La solidarité portée au degré extrême était la règle générale des Collectivités agraires. Non seulement le droit de tous à la vie était assuré, mais dans les fédérations de collectivités le principe de l’appui mutuel était toujours de plus en plus développé grâce aux fonds communs dont profitaient les zones moins favorisées.


  DE CHACUN SELON SES FORCES A CHACUN SELON SES BESOINS

Les Collectivités étaient en pratique des structures qui appliquaient le grand principe communiste libertaire "De chacun selon ses forces, à chacun selon ses besoins". Dans les Collectivités qui avaient aboli l’argent, chaque membre recevait directement la quantité de ressources matérielles nécessaires.

Là où l’argent avait encore été maintenu, c’était un salaire familial qui était versé. Des expériences de "monnaie fondante" (ne permettant pas la capitalisation) furent également faites. La méthode technique de répartition différait en fonction des choix faits par l’assemblée générale des collectivistes, mais le principe moral et les résultats pratiques étaient les mêmes.

La collectivisation ne s’arrêta pas aux portes des villes.

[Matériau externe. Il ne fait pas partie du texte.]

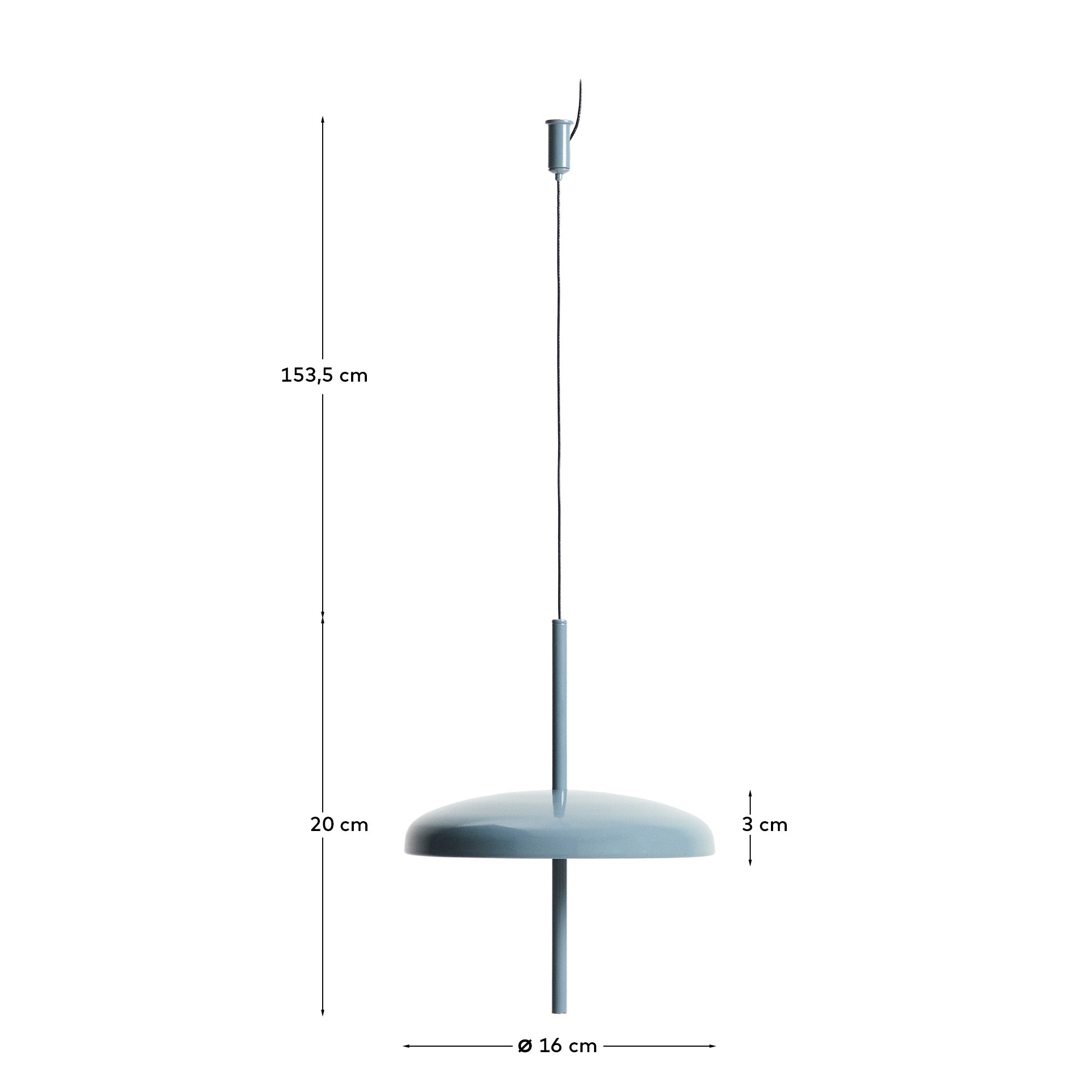 Porte blue aluminium portable ceiling lamp Ø 16 cm - Measurements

Au moment de la Révolution il s’agit de "prendre possession collective des usines, ateliers et chantiers, des logements, des édifices et des terres, des services publics et des marchandises et matières premières emmagasinés" [1]. Dans de multiples industries (métallurgie, bâtiment, textile...) les usines furent collectivisés et les assemblées générales de producteurs géraient leur fonctionnement. Le travail fut rationalisé dans un objectif social ; Toutes les observations démontrent que, loin de s’effondrer, la production des usines autogérées, dans ce pays en guerre, soit se maintint au niveau antérieur, soit, souvent, se développa. Dans de nombreux cas, les transports et les services (coiffeurs, restauration, distribution...) furent également socialisés et les collectivisations urbaines complétèrent leur action en créant d’autres lieux de socialisation de l’économie comme des coopératives de consommation.

Une conquête d’énorme importance dans ce pays écrasé pendant des siècles par la religion a été le droit de la femme à la vie, quelles ques fussent ses fonctions sociales. De même, les enfants ont vu leur droit reconnu spontanément, non comme une aumône accordée par l’État, mais comme l’exercice d’un droit que nul ne pensait plus nier.

Les Collectivités n’ont pas été l’œuvre exclusive des anarchosyndicalistes, bien qu’elles se soient construites sur les bases préconisées par eux. L’élan que les anarchosyndicalistes avaient su créer leur a permis souvent de recueillir la participation spontanée de personnes venues d’ horizons les plus divers (socialistes, républicains ou mêmes catholiques en Estrémadure par exemple).


  CHARS FASCISTES ET COMMUNISTES CONTRE LES COLLECTIVITES

Les Collectivités se heurtèrent à de nombreux obstacles, dus à l’opposition que leur manifestaient non seulement certains propriétaires mais surtout l’ensemble des partis et les organisations syndicales conservatrices (socialistes, républicains, communistes [2]) et bien sûr le gouvernement. Cependant, les échecs furent peu nombreux. Dans ses enquêtes, Gaston Leval [3] qui s’est particulièrement intéressé à la question déclare "J’ai rencontré seulement deux insuccès : celui de Baltana et celui d’Ainsa, au nord de l’Aragon".

Les Collectivités ne furent vaincus que la force militaire. A la fois celle des troupes fascistes de Franco qui détruisaient les Collec-tivités au fur et à mesure de leur avancée et, à l’intérieur des frontières de la république par les bataillons du Parti Communiste. Ce dernier équipé et soutenu financièrement par Staline avait constitué des brigades (Brigade Karl Marx dans la province de Huesca, Brigade Maria Companys dans celle de Terruel...) qui, loin de combattre l’armée de Franco [4] lançaient leurs chars d’assaut contre les paysans désarmés des Collectivités.

Ecrasés par la force brutale, les Collectivistes espagnols ont cependant démontré pendant des mois, à la face du monde, en plein XXe siècle qu’une autre économie et qu’une autre société étaient réellement possibles.